Goal of the exercise:
Identify and pull out each line of the entries in which "Bedroom" occurs.

Records for this task:
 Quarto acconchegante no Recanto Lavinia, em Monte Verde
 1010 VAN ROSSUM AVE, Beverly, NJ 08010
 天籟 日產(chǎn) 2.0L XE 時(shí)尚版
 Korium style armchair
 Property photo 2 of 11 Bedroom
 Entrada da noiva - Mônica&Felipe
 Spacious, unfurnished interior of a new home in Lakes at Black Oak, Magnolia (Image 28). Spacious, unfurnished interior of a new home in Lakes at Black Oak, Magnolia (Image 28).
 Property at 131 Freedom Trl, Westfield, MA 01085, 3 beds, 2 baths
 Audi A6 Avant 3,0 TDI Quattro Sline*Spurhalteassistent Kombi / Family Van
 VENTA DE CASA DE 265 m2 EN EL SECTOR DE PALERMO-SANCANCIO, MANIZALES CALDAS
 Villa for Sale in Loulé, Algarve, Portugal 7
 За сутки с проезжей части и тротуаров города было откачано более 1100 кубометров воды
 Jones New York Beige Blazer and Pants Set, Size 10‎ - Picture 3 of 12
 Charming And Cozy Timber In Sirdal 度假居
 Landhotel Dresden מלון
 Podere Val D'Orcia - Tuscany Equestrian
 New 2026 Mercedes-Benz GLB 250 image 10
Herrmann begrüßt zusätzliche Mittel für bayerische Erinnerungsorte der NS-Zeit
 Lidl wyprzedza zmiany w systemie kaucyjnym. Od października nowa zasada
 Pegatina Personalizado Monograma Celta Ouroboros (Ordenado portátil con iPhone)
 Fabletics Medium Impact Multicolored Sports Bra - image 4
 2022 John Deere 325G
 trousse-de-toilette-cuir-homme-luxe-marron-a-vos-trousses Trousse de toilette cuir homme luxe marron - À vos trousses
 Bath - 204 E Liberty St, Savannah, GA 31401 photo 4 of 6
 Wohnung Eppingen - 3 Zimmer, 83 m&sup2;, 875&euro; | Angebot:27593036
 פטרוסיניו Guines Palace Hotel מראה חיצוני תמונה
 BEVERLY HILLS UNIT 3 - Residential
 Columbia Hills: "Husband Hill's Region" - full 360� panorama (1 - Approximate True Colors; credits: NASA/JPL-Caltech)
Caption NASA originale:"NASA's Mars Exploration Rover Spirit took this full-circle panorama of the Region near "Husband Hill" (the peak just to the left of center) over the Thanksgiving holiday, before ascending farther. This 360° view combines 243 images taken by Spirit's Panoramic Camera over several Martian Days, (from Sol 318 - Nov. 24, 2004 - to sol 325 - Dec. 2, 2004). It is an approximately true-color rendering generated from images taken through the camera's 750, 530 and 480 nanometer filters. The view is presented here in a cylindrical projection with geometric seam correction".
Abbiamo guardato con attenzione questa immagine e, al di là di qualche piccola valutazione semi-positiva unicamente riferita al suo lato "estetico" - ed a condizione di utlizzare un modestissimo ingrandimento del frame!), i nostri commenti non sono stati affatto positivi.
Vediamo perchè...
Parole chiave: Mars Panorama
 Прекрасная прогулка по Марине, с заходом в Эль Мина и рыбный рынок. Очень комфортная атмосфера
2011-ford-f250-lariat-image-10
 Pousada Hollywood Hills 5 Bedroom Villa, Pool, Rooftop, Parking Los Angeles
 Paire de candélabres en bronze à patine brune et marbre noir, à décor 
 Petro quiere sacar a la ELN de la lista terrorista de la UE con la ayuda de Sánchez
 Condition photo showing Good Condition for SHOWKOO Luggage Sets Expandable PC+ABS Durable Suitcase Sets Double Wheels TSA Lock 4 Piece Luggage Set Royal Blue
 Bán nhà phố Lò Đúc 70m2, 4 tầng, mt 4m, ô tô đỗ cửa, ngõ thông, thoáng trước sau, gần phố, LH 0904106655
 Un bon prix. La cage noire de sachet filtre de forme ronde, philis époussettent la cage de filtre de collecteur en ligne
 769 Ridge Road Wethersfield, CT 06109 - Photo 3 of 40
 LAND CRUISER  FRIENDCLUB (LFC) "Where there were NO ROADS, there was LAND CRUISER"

Result of the task:
 Property photo 2 of 11 Bedroom
 Pousada Hollywood Hills 5 Bedroom Villa, Pool, Rooftop, Parking Los Angeles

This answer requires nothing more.